While he’s played as a more typical box-to-box, and even as a false 9 (rarely) since the start of 2020, Busio has found comfort as the deepest player in midfield, like Adams. In a time where Americans are becoming relatively spoiled in terms of talent, Busio had become a victim of expectations. Many considered Busio to be the second most exciting player of his age group, trailing only Gio Reyna.
However, not moving to Europe as soon as he turned 18 as many Americans have, had unrightfully made fans question their expectations. Through the questions and criticism, Busio became one of the first names on Sporting Kansas City’s team sheet as a teenager. At 19, Busio demanded a club record fee from Venezia, a Serie A club aiming to rebuild.
Despite a string of consistency in 2021, Busio remained criticized in his role as the deepest midfielder for Sporting Kansas City. Specifically, Busio was thought to be “too soft” as a 6, whereas comparatively Tyler Adams is seen as an impressive ball-recovering midfielder and notable presser, Busio is criticized for not having a big enough impact when his team is not in possession.
Let’s compare Busio’s current 2021 campaign with that of Tyler Adams’ last season in MLS before his move to Leipzig.

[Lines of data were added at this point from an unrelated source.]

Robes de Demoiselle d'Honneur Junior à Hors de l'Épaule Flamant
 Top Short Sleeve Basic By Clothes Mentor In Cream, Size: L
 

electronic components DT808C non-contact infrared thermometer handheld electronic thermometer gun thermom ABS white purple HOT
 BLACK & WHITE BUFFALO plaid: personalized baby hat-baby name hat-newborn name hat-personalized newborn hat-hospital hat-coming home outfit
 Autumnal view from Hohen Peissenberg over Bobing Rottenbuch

This season, Busio applies pressure 26 times per game, which is an improvement on Adams in 2018 who averages 23.7 in this category.
However, applying pressure is not what people are complaining about. They feel Busio is beaten too easily, which is not the case. Busio’s successful pressure percentage is at 31.5% which again is an increase on Tyler Adams’ 29.9% in 2018.
OFFICIAL: Sporting KC confirm the transfer of USMNT midfielder Gianluca Busio to Venezia.
He joins three other USMNT players in the Serie A 🇺🇸 pic.twitter.com/mGIaRX2eEE
— B/R Football (@brfootball) August 5, 2021
The quantity of tackles won is important, and Adams is known to win possession in all areas of the pitch. RB Leipzig are beneficiaries of this with Adams’ pressing in the final third leading to multiple goals in the 20/21 season. Let’s take a look at tackles won in all thirds of the pitch.
In the defensive third Busio is nearly twice as effective winning 1.02 tackles per 90 compared to Adams’ .54 in 2018. As we progress up the pitch, Busio averages 1.41 tackles won in the middle third compared to Adams’ 1.12, and .55 in the final third compared to Adams’ .42. It should be noted however that Adams’ edges Busio in tacklers dribbled by 2.3% at 32.9%.
While Busio in possession is not questioned nearly as much as his work without the ball, let’s compare his current campaign to 2018 Adams. Busio averages more touches in all areas of the pitch (both penalty boxes, defensive third, middle third and attacking third) and both attempts more dribbles and completes them at a higher rate – 56.5% to Adams’ 50%.
Venezia’s man is also a very accurate passer and perhaps separates his current campaign here more than anywhere else from Adams in 2018. While Adams completed a higher quantity of short passes, Adams does so at a higher percentage with over 90% of them finding its target. As the range increases, Busio becomes a more notable passer of the ball. Medium range passing has Busio at an impressive 95% compared to Adams’ 82.4%. Long passing is the biggest difference in success rate with Busio completing 67.9% of his passes and Adams at just 53.2%.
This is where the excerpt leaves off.